I keep getting this error on Keap when I make a single api key. It worked a few times running it as a script but when I run it on my local server it gives me this error:
That message indicates that you are sending requests too quickly to our APIs. If you are using a Service Account Key or Personal Access Token for your requests do note that the limits are lower than if you follow our OAuth2 Access Code flow.
We’re using the service token to write a form to the leads area. We have a sleep(1) before every call and we still get intermittent 429s. We’re trying to understand if we have 5 queries per second, why this would happen?
@TomScott Still doesn’t understand why we would hit 5 requests per second when we are not. Maybe it queues on your end?
We are rebuilding everything to log our form into a local DB, and then every minute do our API work, with 5 seconds between every call, and wait another minute to do the next one.
If you could help me further clarify what we may be missing, that would be great.

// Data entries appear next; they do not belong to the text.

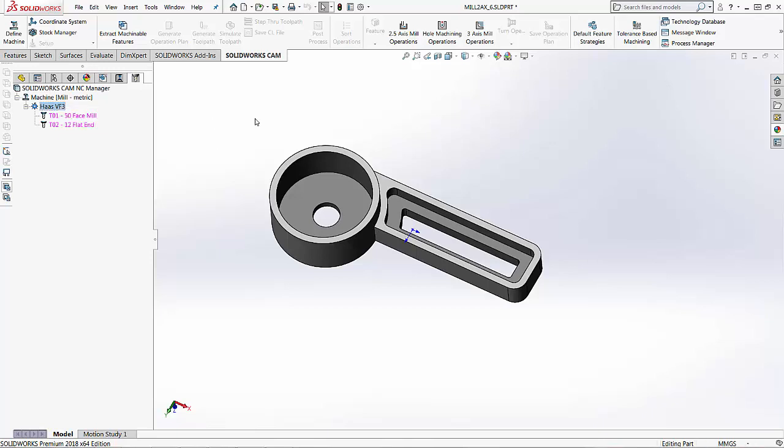In today's video we covered how to create your own custom tool crib within SOLIDWORKS CAM and how to select that tool crib within your program. Thanks for watching.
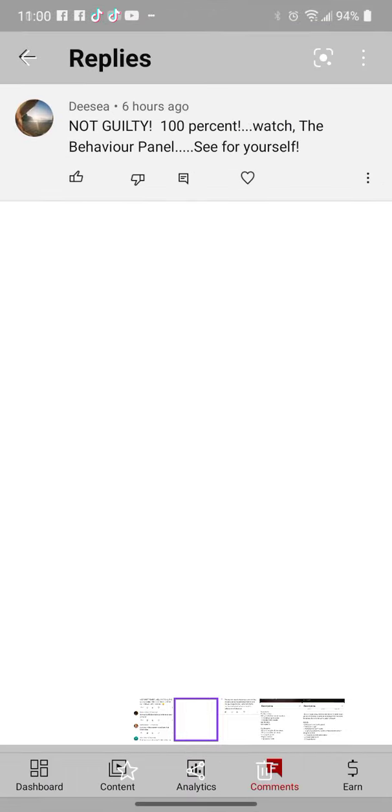Next, DCA says, 'Not guilty, 100%. Watch the behavior channel. See for yourself.' Well, I have one thing to say about the behavioral channel. Yes, these are people that have been in law enforcement and all kinds of shit for a long time, right?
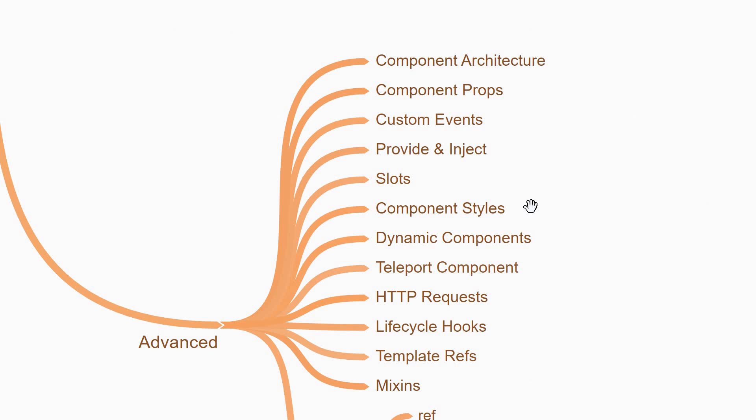When it comes to component styles, you learn about the scoped attribute which restricts the styles applied to a component and thus helps prevent styles being applied globally and gives much better control.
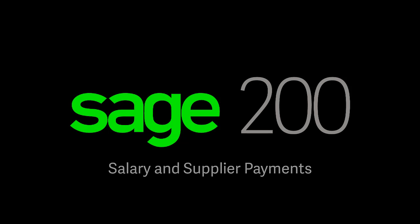Hello and welcome to this video detailing the process of setting up and using the salary and supplier payments feature within Sage 200. Salary and supplier payments is an easy and secure way to pay your suppliers or HMRC directly from Sage 200.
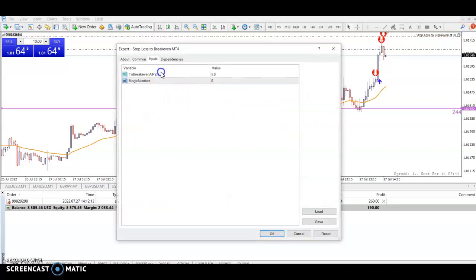We're looking at the stop loss to break even expert advisor — a utility, really, whichever you like.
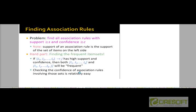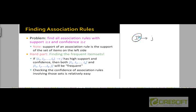Our overall task is to find all association rules where the items are frequent items — the item sets are frequent item sets and the rule itself has a high confidence. We defined the support for an individual item set, but what does it mean for support to apply to an association rule? The support of an association rule can just be taken as the support of the set of items on the left-hand side of the rule. So if you have a rule like i going to j, the support of this association rule is just the support of the set i.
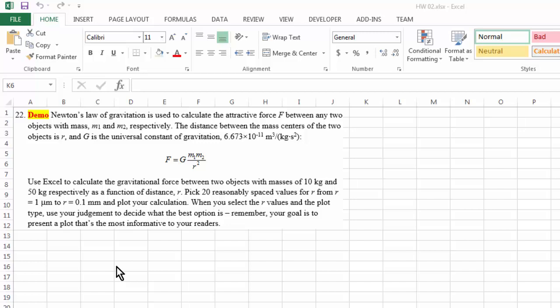Let's look at this example. We have Newton's law of gravitation, and if we have two objects with masses of 10 kilogram and 50 kilogram respectively.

I’m not sure why you would be seeing any performance below the 5ps mark that we have configured, unless you are consuming the same key via multiple threads simultaneously. I would recommend logging the headers that are returned on each call to see exactly how fast you are consuming call quotas.
nope, we dont have any services using the same key via multiple thread simultaneously.
since we kept getting the 429 errors, we finally use queue and sleep(5) between each requests.
its been working great so far but then we caught 429 errors at least 5 times. since we kept getting it, we finally build another logger to log just the keap response to observe the header. its attached as CSV.
we also for whatever reason caught 405 error (method not allowed) for a working endpoint – might just be a glitch on keap end.
please see attached pdf to see the keap headers between 5 requests that has 5 seconds gap per request.
We’ve encountered the same issue. The support’s response was, in essence (I hope they don’t mind I post it here, since this should seemingly be a common knowledge):
“these 429 throttle responses are in error - you are not actually hitting any limit, spike or otherwise. There’s apparently an issue known to the public API development team that they’ve been working to resolve with Google, where spike arrests are triggering improperly. They were able to confirm that this issue was the cause for this 429 response. The quotas shown are not incorrect; the error message was incorrect.”
“HTTP/2 429 will show in the response headers for both the unexpected Google-side errors as well as legitimate spike limits. Unfortunately, legitimate spike arrests and false alarms will show exactly the same. The reason why we can’t provide more information on spike arrests in the header, such as -available or -used, is because no such values are provided by Google Cloud for us to use.”
As a solution, we’ve added a handler for these 429 error responses. In general, it catches the error, sleeps for a second if it happens, then tries repeating the request, but does so not more than twice. This approach is working fine for us so far.
For further clarity, we have observed that 429 issue to only occur inconsistently on the very first call in a 24h period for PAT/SAKs. Retrying the call with exponential backoff for a limited number of times will handle this error transparently and is good practice regardless, and can be configured in many libraries.
axios-retry - npm is a common one that we use internally for our JS projects which allows a simple configure like that.